In patients with chronic obstructive pulmonary disease, is single inhaler triple therapy with beclometasone dipropionate, formoterol fumarate, and glycopyrronium bromide a safer and more effective treatment compared to beclometasone dipropionate and formoterol fumarate?

Bottom Line

Patients with severe COPD that are at risk for exacerbations will receive greater benefits from triple therapy with BDP/FF/GB than BDP/FF. The triple therapy as a single inhaler provides greater bronchodilation and helps prevent moderate-to-severe exacerbations, as well as improves patients’ quality of life.

Major Points

Per GOLD, long-acting muscarinic antagonists or inhaled corticosteroids plus long-acting β2 agonists are the initial choices for treatment, but can be stepped up to triple therapy if needed. Currently triple therapy includes two inhalers, one being a combination of an inhaled corticosteroid plus a β2 agonist, and the other a long-acting muscarinic antagonist. A single inhaler consisting of all three medications (BDP/FF/GB) has now been developed to simplify the current regimen.
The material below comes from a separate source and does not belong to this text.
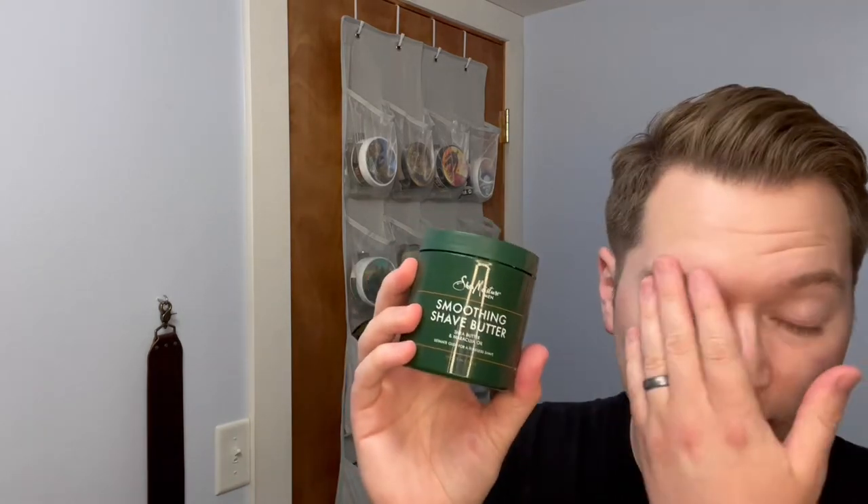Shea Moisture, you may recognize them — Shea Moisture Men shampoo, conditioner, that kind of stuff. And specifically, I think in a lot of cases it's designed for those with more natural hairstyles — curly, wavy, severely curly. Their shave system was designed from the ground up to work with curly facial hair, which I actually have. Hard to tell right now because it's only about 18 hours of growth.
The focus of the TRILOGY study was to compare the safety and efficacy of triple therapy with BDP/FF/GB to BDP/FF for patients with COPD at risk for exacerbations. BDP/FF/GB was found to be superior regarding both pre-dose FEV1 and 2-hour post-dose FEV1 at all visits compared to BDP/FF.

Increases in TDI (transition dyspnea index) focal scores from baseline , as well as improvements in SGRQ total score from baseline (decrease ≥4 units) were seen with BDP/FF/GB compared to BDP/FF.

Rescue inhaler use, as well as the frequency of moderate-to-severe exacerbations, were significantly lower with BDP/FF/GB. The time to exacerbations was also significantly prolonged compared to BDP/FF.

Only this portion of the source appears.